Given this sad state of affairs, Magid’s article seems oddly timed. During a period when anti-Zionists are more vocal than at any point in decades, he frets that their voices are being pushed out by “enforcers,” supporters of Israel who, he argues, act as “gatekeepers of Zionist-Jewish identity [to] try to write out of Judaism anyone who doesn’t share their nationalist project.” While he argues that there are “thousands” of such mean-spirited articles, the reader is only shown a few minor examples. Regardless, Magid goes to great lengths to prove that Jewish anti-Zionists are real, actual Jews and that anti-Zionism has a long, Jewish history. In doing so, however, he states the obvious, overwhelmingly mischaracterizes Zionists’ views – and misses the most important point entirely.

Magid writes,

Those who demonize anti-Zionism today never quite define the term. Denial of a ‘Jewish’ state? Of Jewish chauvinism or Jewish supremacy? Of Israel itself? There is the theological anti-Zionism of ultra-Orthodoxy made explicit in the writings of the Satmar rebbe, Yoel Teitelbaum, the moral and anti-nationalist anti-Zionism of Hermann Cohen and Franz Rosenzweig, the secular anti-Zionism of the American Council for Judaism, the diasporist anti-Zionism of Judith Butler or Daniel Boyarin, and the anti-imperialist anti-Zionism of Noam Chomsky. Are they all the same? Of course not. All have different assumptions, different thought processes, and in some cases different goals.

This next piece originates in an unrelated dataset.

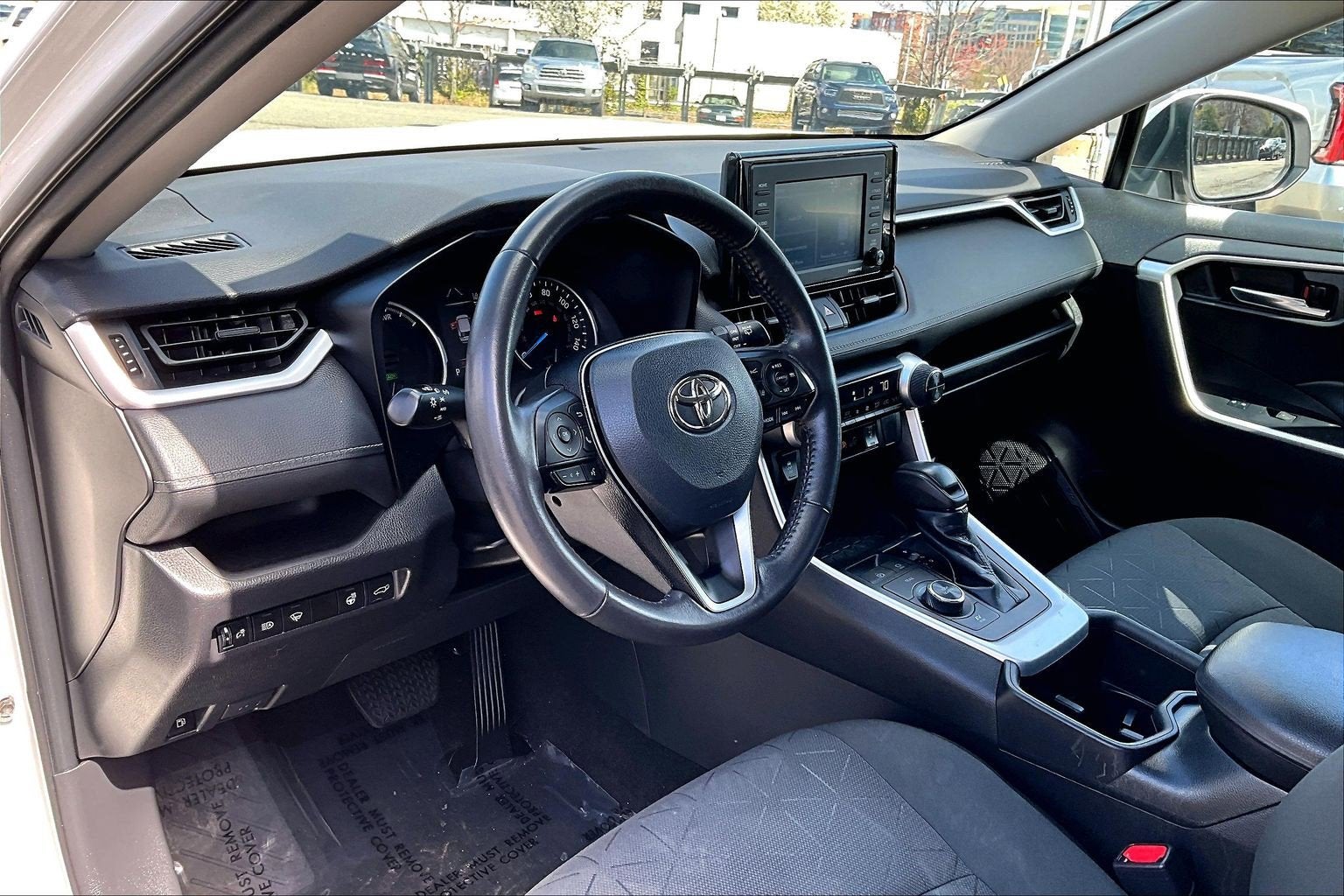 2022 Toyota RAV4 Hybrid XLE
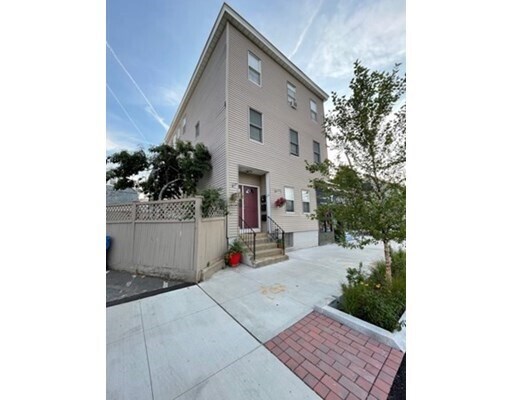 Building Photo - 236 Somerville Ave Unit 3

He concludes this line of thought with, “But for the gatekeepers, nuance and distinctions don’t really matter.” Does anyone actually believe this? Are we actually expected to believe that the most vocal supporters of Israel actually make no distinction between the anti-Zionism of BDS leader Judith Butler and that of the Satmar rebbe? This is nonsense. Further, the same accusation could be made against the anti-Zionists. This group defines itself as opposed to Zionism, but do they engage with the “nuances and distinctions” Magid accuses Zionists of overlooking? Is the average anti-Zionist opposed to the Revisionist Zionism of Netanyahu’s Likud? The religious nationalist Zionism of Naftali Bennett’s Yamina party? Are they opposed to Rav Kook’s religious Zionism? Do they go so far as to oppose even the two-state, socialist Zionism of Israel’s Meretz Party? Do they make any distinction at all? There is no way to know.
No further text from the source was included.